==== RAW DATA

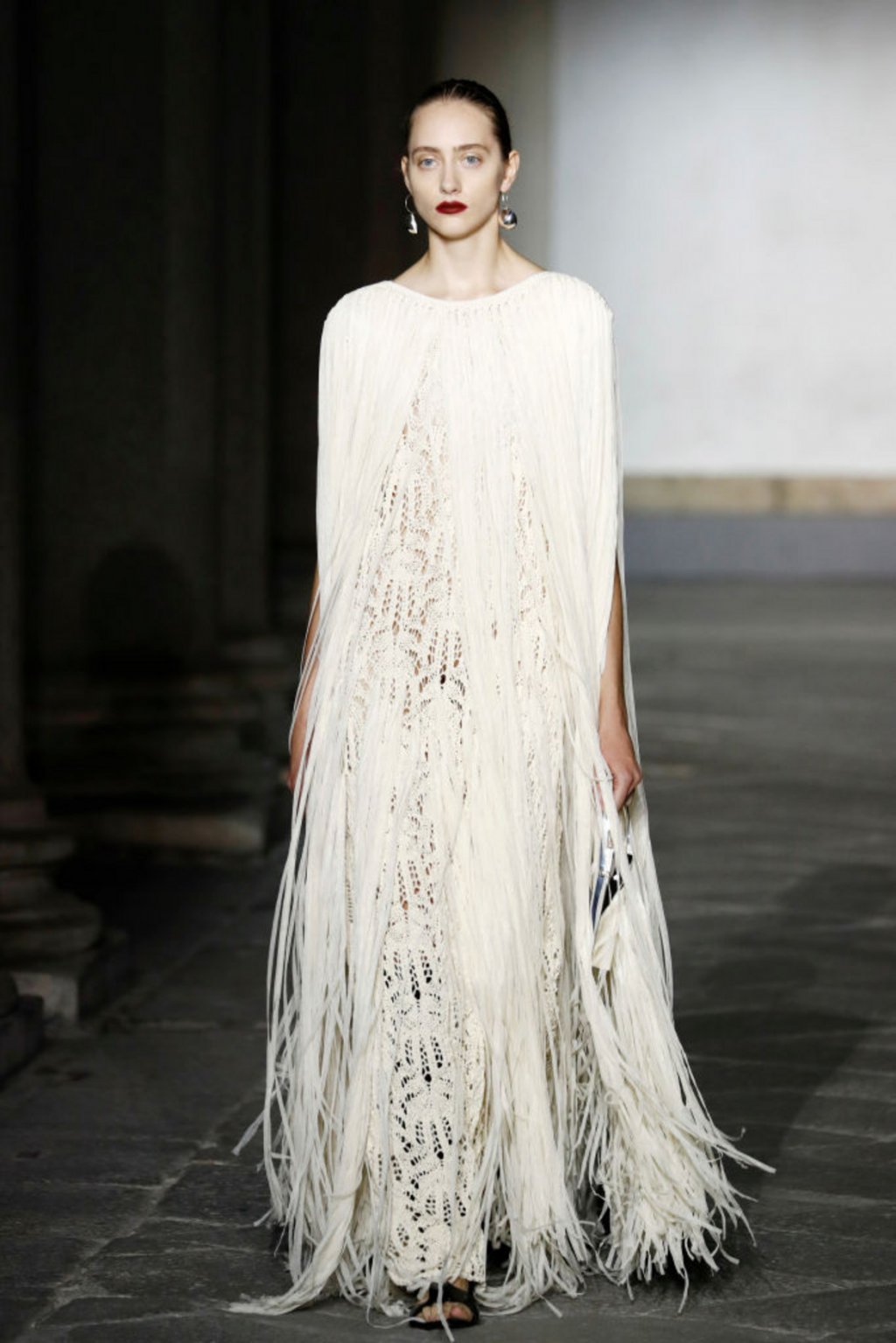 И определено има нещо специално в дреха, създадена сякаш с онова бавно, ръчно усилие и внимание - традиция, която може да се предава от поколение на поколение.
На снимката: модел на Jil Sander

========
==== RAW DATA

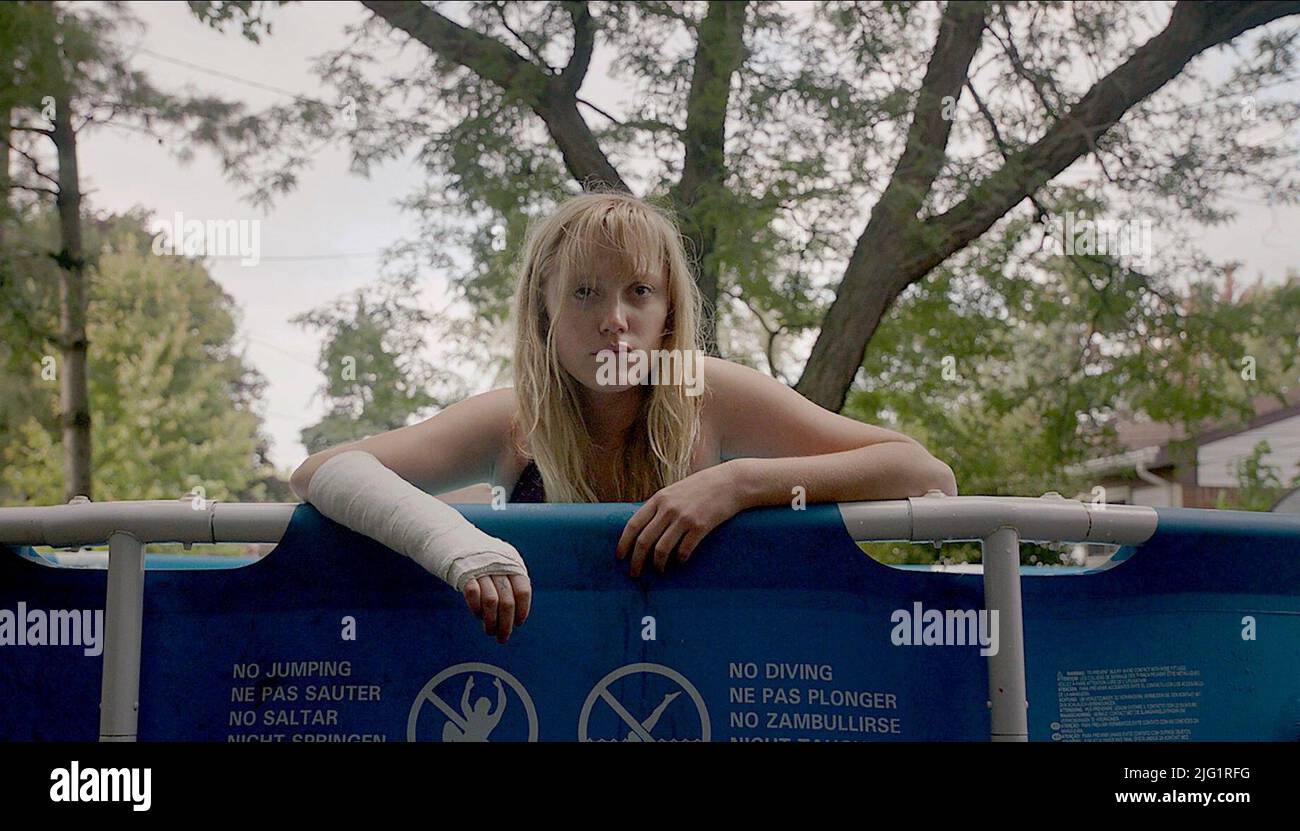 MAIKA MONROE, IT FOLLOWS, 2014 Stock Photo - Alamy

========
==== RAW DATA

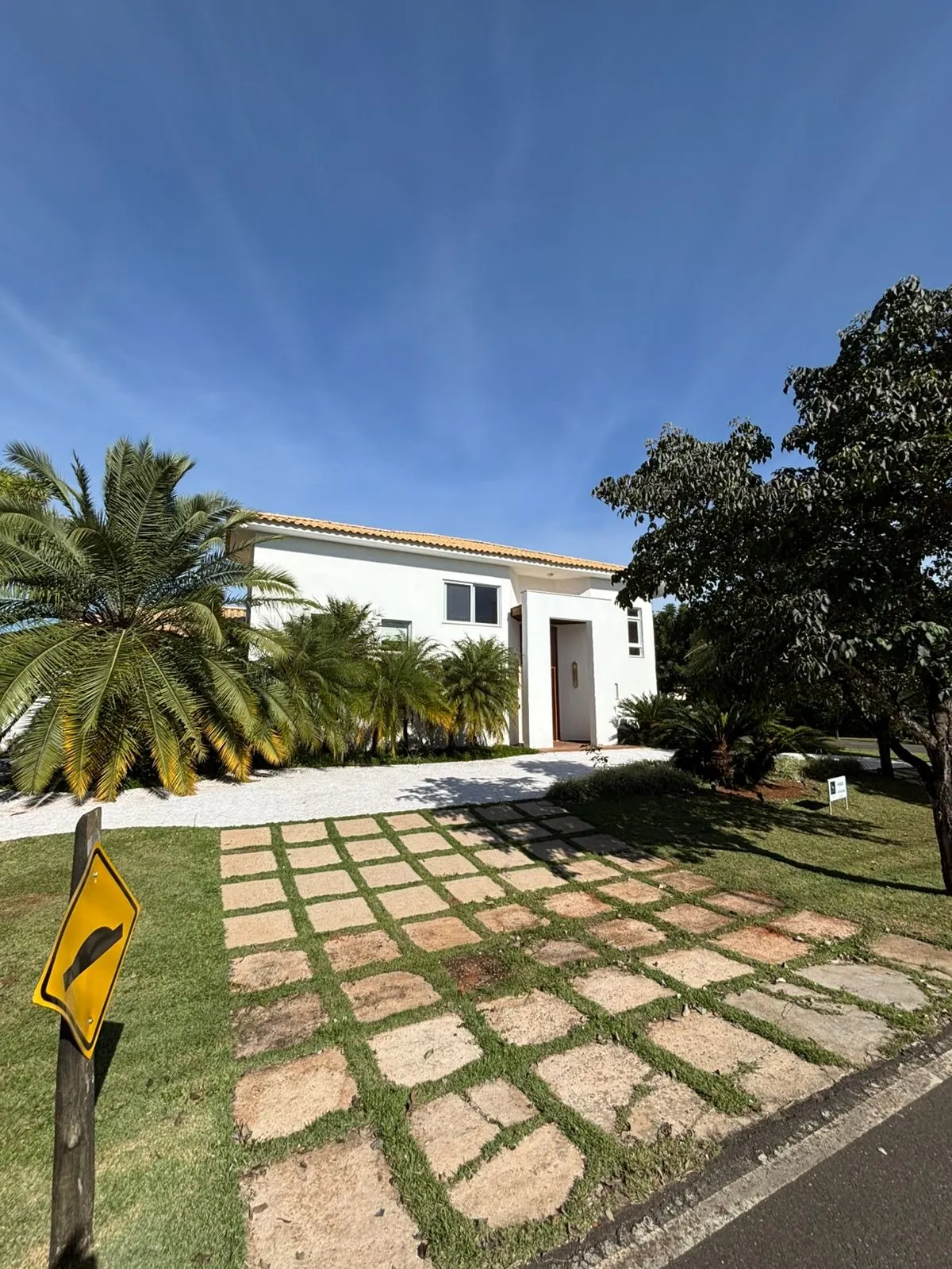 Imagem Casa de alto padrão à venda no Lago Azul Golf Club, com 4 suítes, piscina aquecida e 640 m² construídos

========

## AIM OF THE EXERCISE
An exact copy is needed of the stretch above that opens with the line containing "И определено има" and closes with the line containing "На снимката: модел на Jil Sander"; the pictures are not part of it.

## ANSWER BELOW
 И определено има нещо специално в дреха, създадена сякаш с онова бавно, ръчно усилие и внимание - традиция, която може да се предава от поколение на поколение.
На снимката: модел на Jil Sander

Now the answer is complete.